Pictures stay out of the output. Return exactly the lines below from the one with "Immagine 16 di" down to the one with "Brad Chapman 9p", both included, and nothing more.

▬▬▬▬▬▬▬▬▬▬

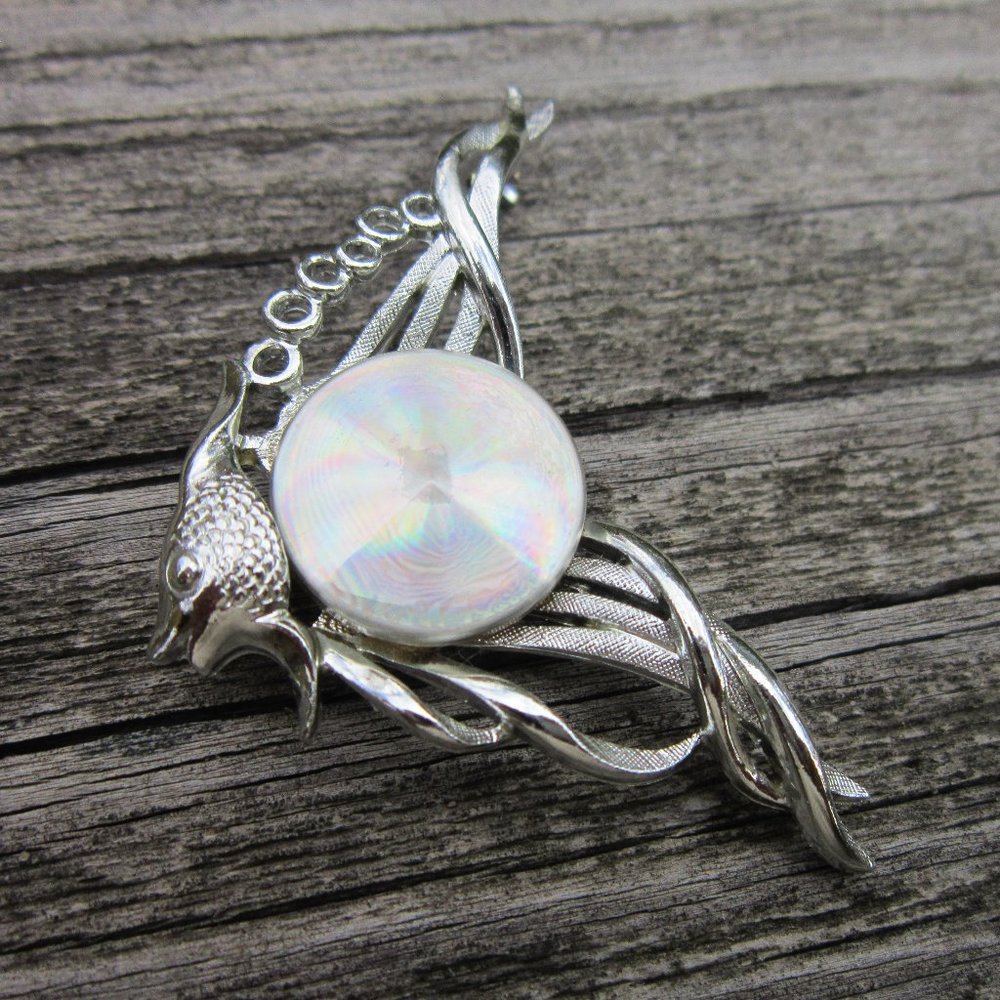 Irridescent Fish Pin/ Brooch Silvertone Rainbow Jewels Corp Vintage 1960s Funky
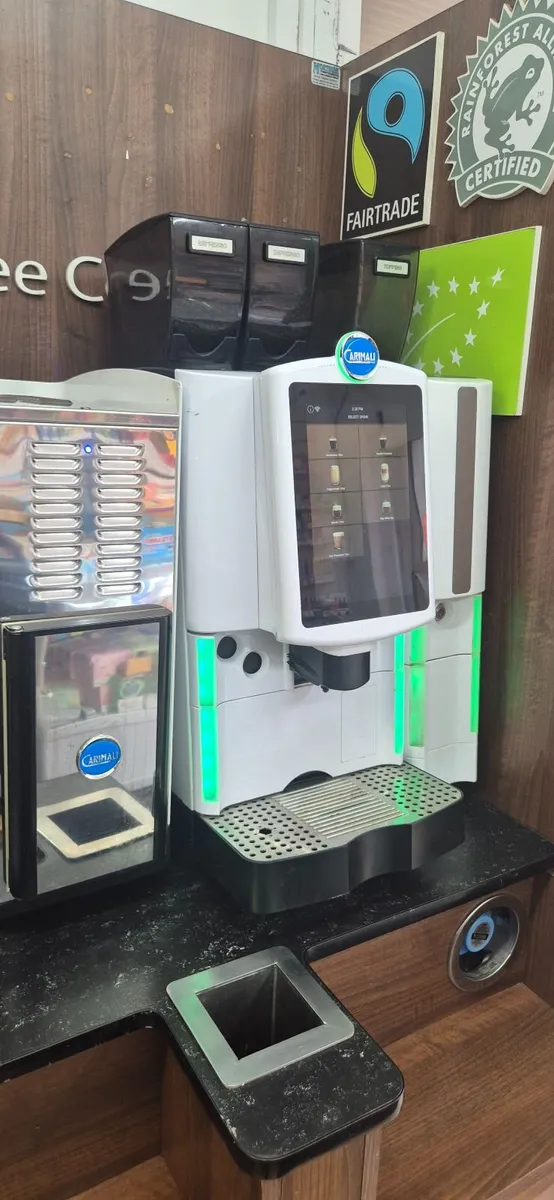 Coffee machine and setup - Image 2
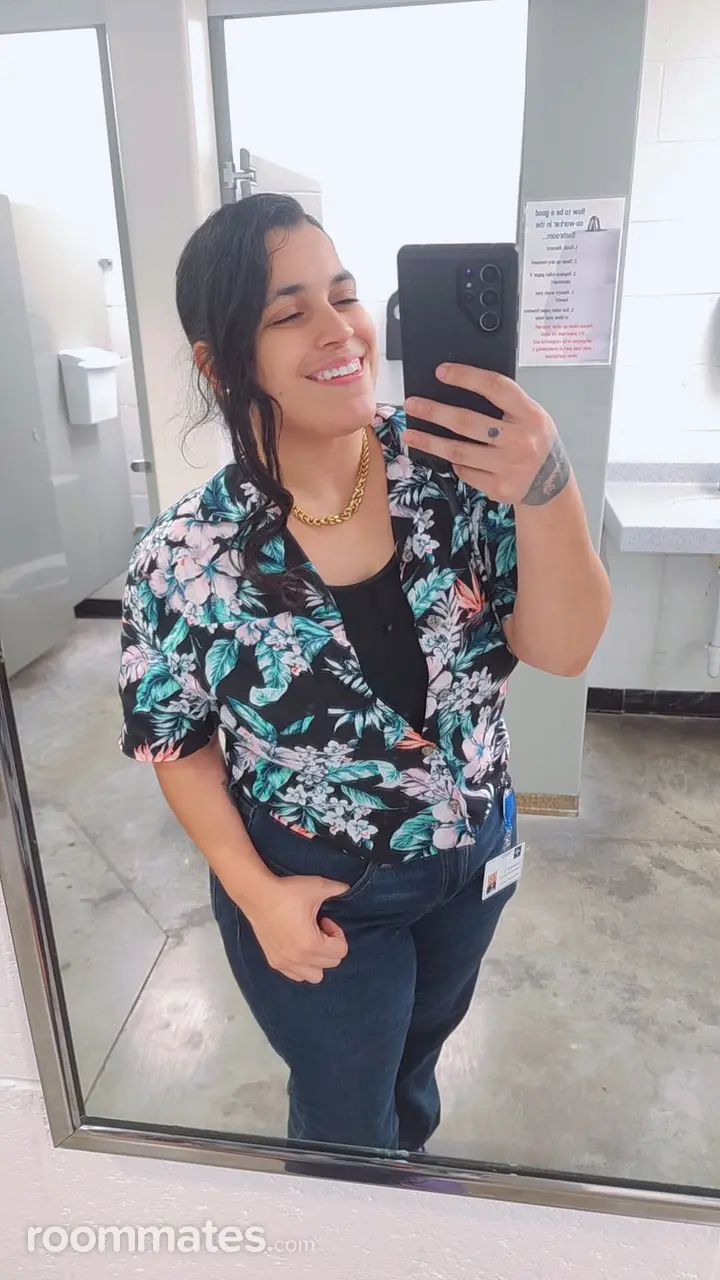 Profile photo 9 of 10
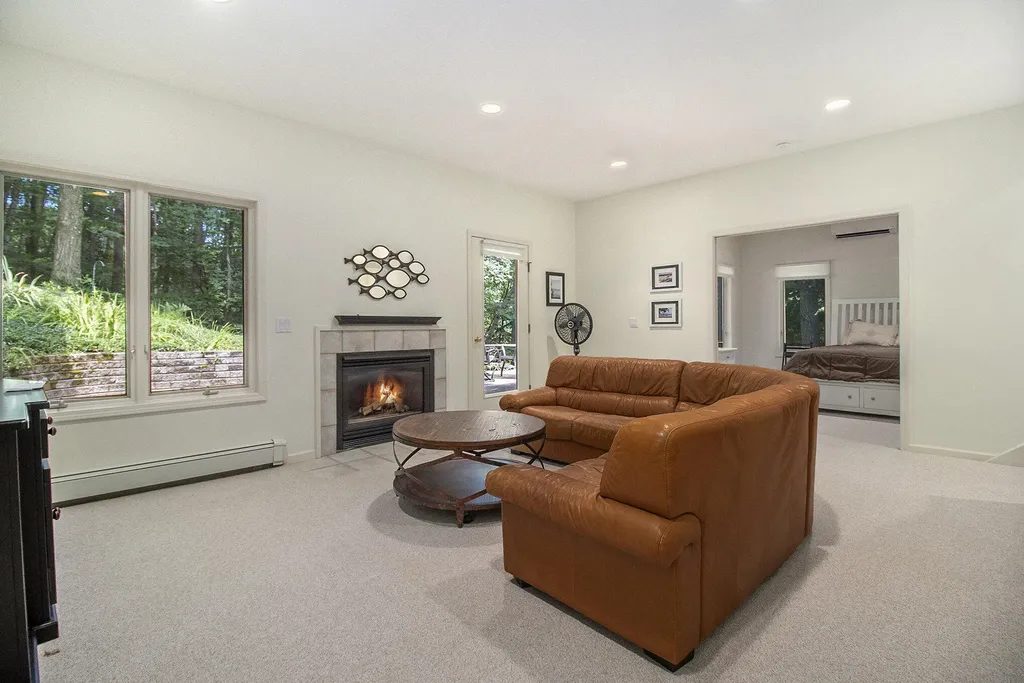 5410 W Oak Ridge Drive Hamlin Township MI 49431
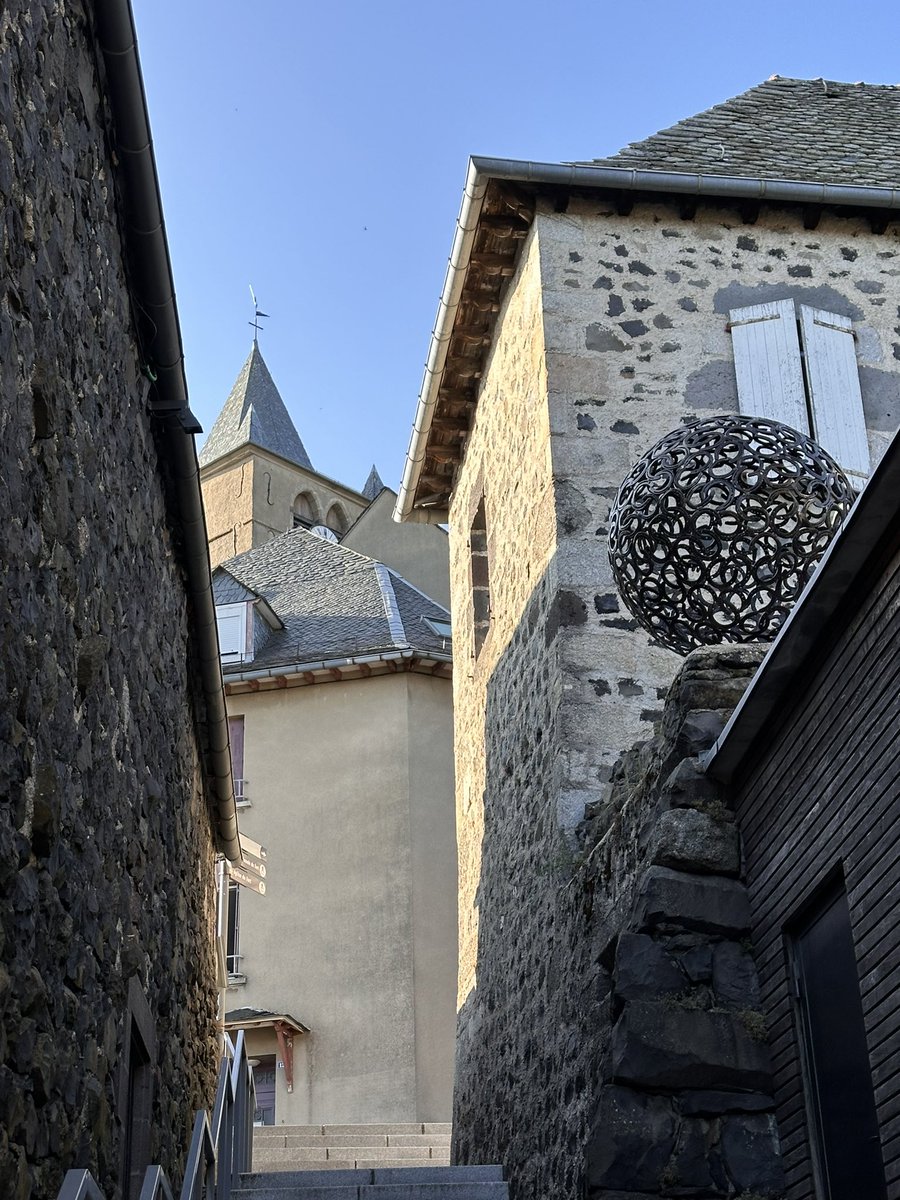 CPASGAGNE69's tweet image. Si t’es pas bien affûté, tu ne peux pas habiter là. On y mange de l’Aubrac.🥩
#Laguiole #Aveyron 
#LaVieEnBleu💙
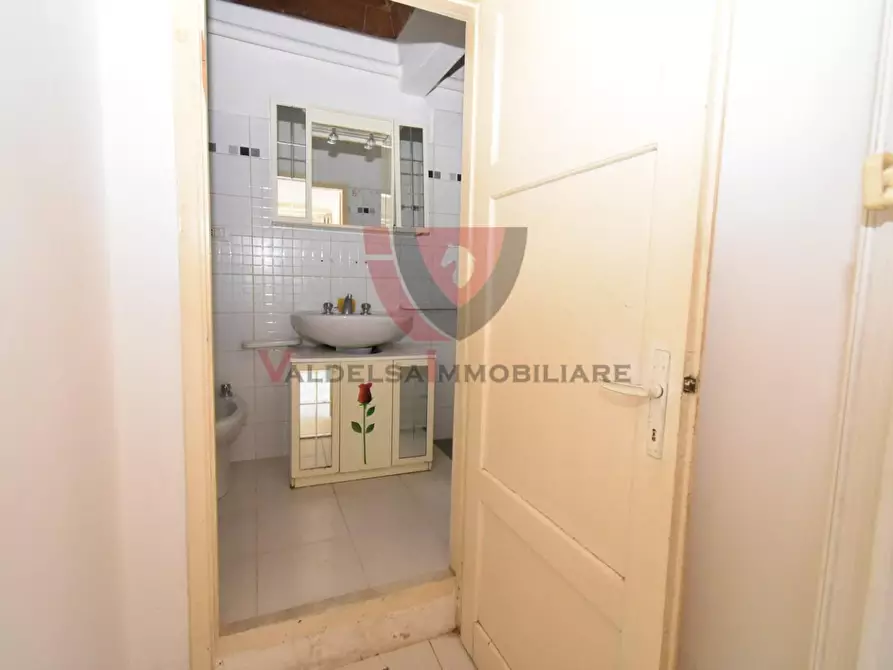 Immagine 16 di Appartamento in vendita  a Colle Di Val D'elsa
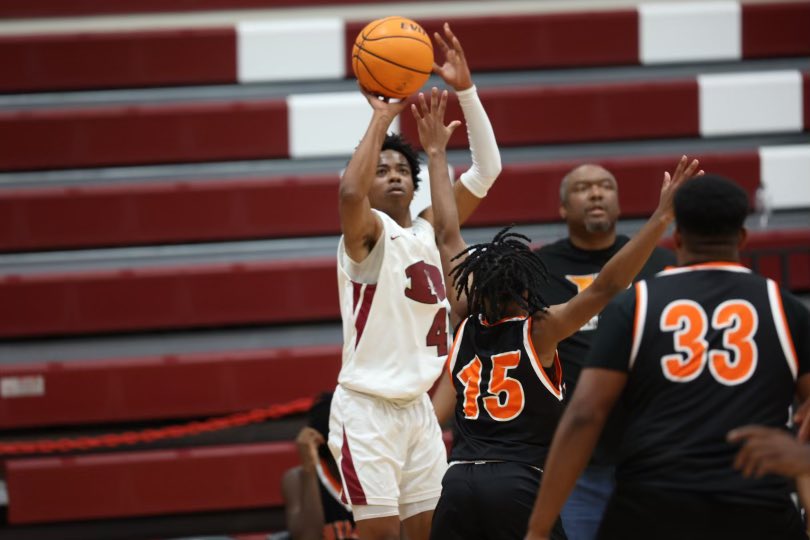 HypesouthMedia's tweet photo. Warner Robins 77, Rutland 28 Final

BOYS - Demons ease past Hurricanes.

@WRDemonBB
Tyler Howell 11p
Isaiah Gibson 9p
Rashun Williams 9p
Jordyan Keith 7p (pic)

@RHSCanesHoops 
Brad Chapman 9p

Screamin Demon Invitational https://t.co/jLB5NmqV5j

▬▬▬▬▬▬▬▬▬▬

→ RESPONSE TO THE TASK
 Immagine 16 di Appartamento in vendita  a Colle Di Val D'elsa
 HypesouthMedia's tweet photo. Warner Robins 77, Rutland 28 Final

BOYS - Demons ease past Hurricanes.

@WRDemonBB
Tyler Howell 11p
Isaiah Gibson 9p
Rashun Williams 9p
Jordyan Keith 7p (pic)

@RHSCanesHoops 
Brad Chapman 9p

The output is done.